Wednesday, October 10, 2012

Chachacha changes!!!!

Holy time warp, Batman!  It has been forever since I have sat down to post anything new.  So for all three of you who read this, I've got so much to catch you up on.  Our lives here at the Dickinson household have changed quite a bit.  Well, not our lives, necessarily, just the logistics. Life is good.  Life is busy.  I thought I knew busy before, but I must say it's all perspective, I guess, because whew.  So here's what's new...

I'm working.  Well, that's not actually that new.  I thought about working as a new endeavor, but truth is that I have had my finger in some kind of working pie since Melaina was 18 months old.  The work I did never took me away from home longer than a couple of hours, but it was work nonetheless.  I had been an adjunct teacher for the past two years when all of a sudden the winds of opportunity blew open the doors and I have started teaching full time now.
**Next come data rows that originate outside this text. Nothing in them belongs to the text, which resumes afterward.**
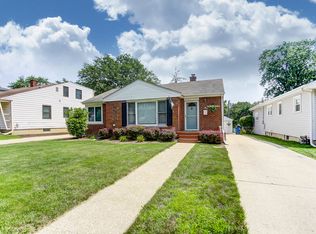 41 S Charles Ave, Villa Park, IL 60181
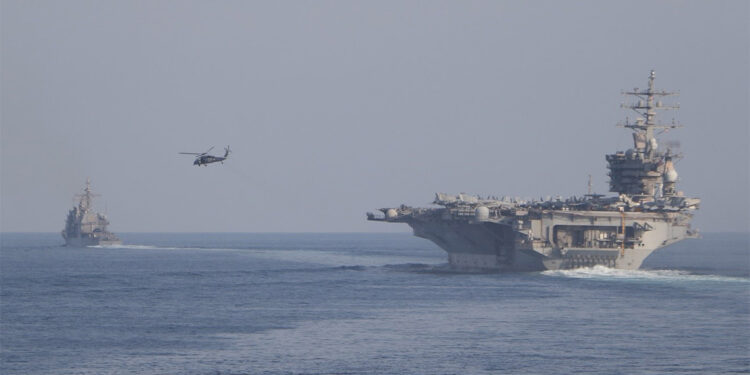 3 ticari gemiye Yemenli Husiler saldırdı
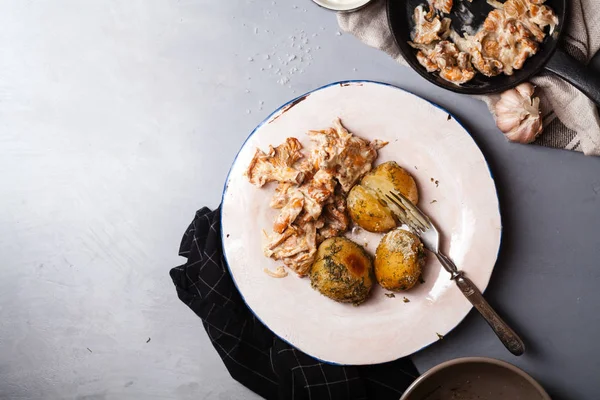 Cantharellus cibarius mantar patates ile hizmet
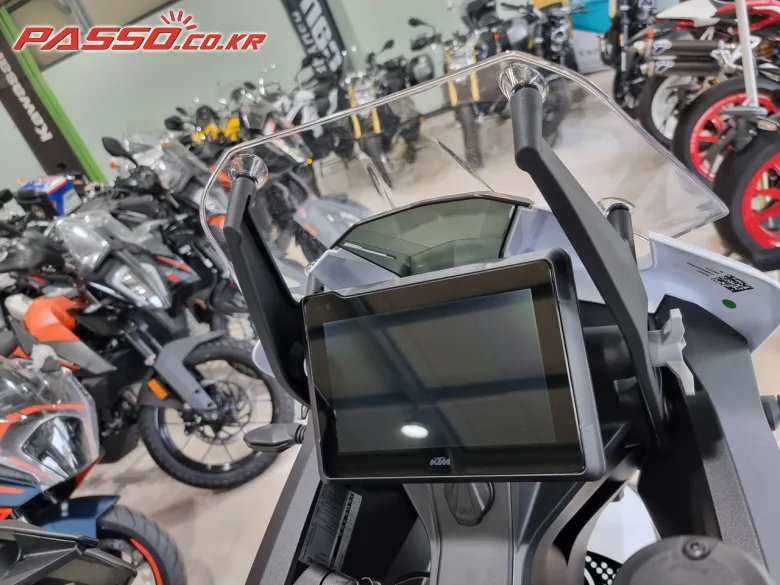 KTM 1290 슈퍼 어드벤처 R 2022 사진 3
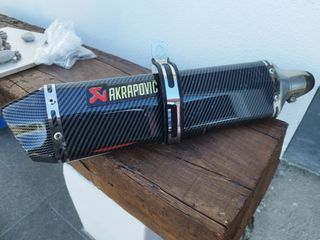 Escape moto carbono Akrapovic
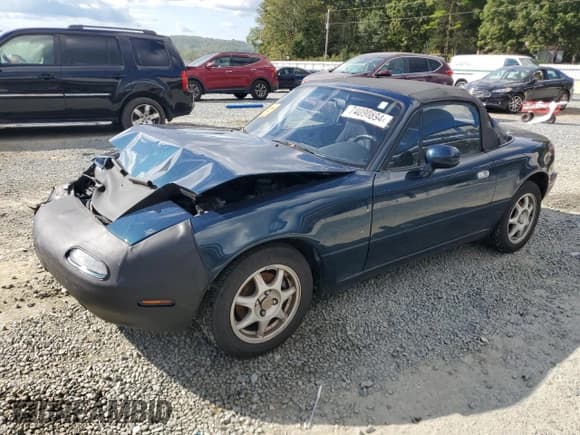 ✅ 1996 Mazda MX-5 Miata • VIN: JM1NA3538T0700568 • Lot: 74090894. Wystawiony na Copart z przebiegiem 95 589 mil. Bezpłatny archiwum sprzedaży aukcyjnych z USA i szczegółowy raport historii pojazdu na DreamBid. Zdjęcie 1.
My very first thought back in the spring when it looked like working was to become a reality this fall was "what about Clara?" I couldn't bear the thought of not being around her the great majority of the time.  She's so young, and so attached, and so on and so on and so on.  The truth of the matter is that kids are pretty great at adapting, it's us grown ups who tend to cling to the status quo.  So when school started, I cried pretty hard the first couple of mornings, while Clara got over the transition much quicker.  She loves her school and her teacher and her new little friends.  She is cracking us up non stop with her new words and phrases that are coming like rapid fire these days.

As for Melaina, she is a big time afternooner now and thinks she runs the place.  The "place" being  school, home, GG's, our living room, pretty much anywhere she goes.  She is such a vibrant and imaginative little girl and I cannot believe she will be 5 in just a couple weeks.  For anyone who doesn't know what an afternooner is, it is simply a primary student at Montessori who stays into the afternoon.  Yeah, it's kind of a big deal.

I love my work.  Seriously, when this crazy hectic life starts feeling all the more crazy and hectic, I just think that I am proud of what I do and lucky to have the chance to do it. And sure it has been a change for the whole family, but I want these two girls seeing their mom do what she is meant to do.  I was meant to be a mom and a teacher and a singer and a wife and yes that's a lot of things, but that's what's so great.

Oh, and did I mention that I work with my husband??  I mean, that I GET to work with my husband?  That's what I meant to say.  Tee Hee.  No seriously, it's pretty great.  We've done this in some shape or form for several years now with summer programs and such, so it's just more of the same in a way.  It's actually pretty cool.

OK, I think I've filled you in on all the new goings ons.  Now for the pictures.  I'll start with a few and then add lots more.  Oh, and Melaina stories will be coming soon, too.  She's had some doosies lately!  That girl is a trip.

Enjoy!

It's amazing how quickly it can all go south...


 Eating her cupcake at Clara's and bff Presley's 2 year old b-day party


"I pity the fool who says a word about my sleeping outfit I chose to pack for the beach"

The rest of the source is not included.